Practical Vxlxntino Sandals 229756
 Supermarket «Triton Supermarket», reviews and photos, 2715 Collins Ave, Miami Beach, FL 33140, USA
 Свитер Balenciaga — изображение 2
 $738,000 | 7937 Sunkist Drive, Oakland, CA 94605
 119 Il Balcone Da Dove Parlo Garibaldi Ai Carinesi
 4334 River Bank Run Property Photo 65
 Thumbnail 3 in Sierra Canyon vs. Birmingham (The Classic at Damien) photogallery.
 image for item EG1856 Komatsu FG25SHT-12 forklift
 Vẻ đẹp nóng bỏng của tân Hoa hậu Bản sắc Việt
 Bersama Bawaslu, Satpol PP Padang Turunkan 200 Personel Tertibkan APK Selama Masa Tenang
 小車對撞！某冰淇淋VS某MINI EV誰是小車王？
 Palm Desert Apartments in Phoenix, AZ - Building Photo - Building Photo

################

**TASK DETAILS:** All records above must be returned exactly as they appear.

**ANSWER SPACE:**
Practical Vxlxntino Sandals 229756
 Supermarket «Triton Supermarket», reviews and photos, 2715 Collins Ave, Miami Beach, FL 33140, USA
 Свитер Balenciaga — изображение 2
 $738,000 | 7937 Sunkist Drive, Oakland, CA 94605
 119 Il Balcone Da Dove Parlo Garibaldi Ai Carinesi
 4334 River Bank Run Property Photo 65
 Thumbnail 3 in Sierra Canyon vs. Birmingham (The Classic at Damien) photogallery.
 image for item EG1856 Komatsu FG25SHT-12 forklift
 Vẻ đẹp nóng bỏng của tân Hoa hậu Bản sắc Việt
 Bersama Bawaslu, Satpol PP Padang Turunkan 200 Personel Tertibkan APK Selama Masa Tenang
 小車對撞！某冰淇淋VS某MINI EV誰是小車王？
 Palm Desert Apartments in Phoenix, AZ - Building Photo - Building Photo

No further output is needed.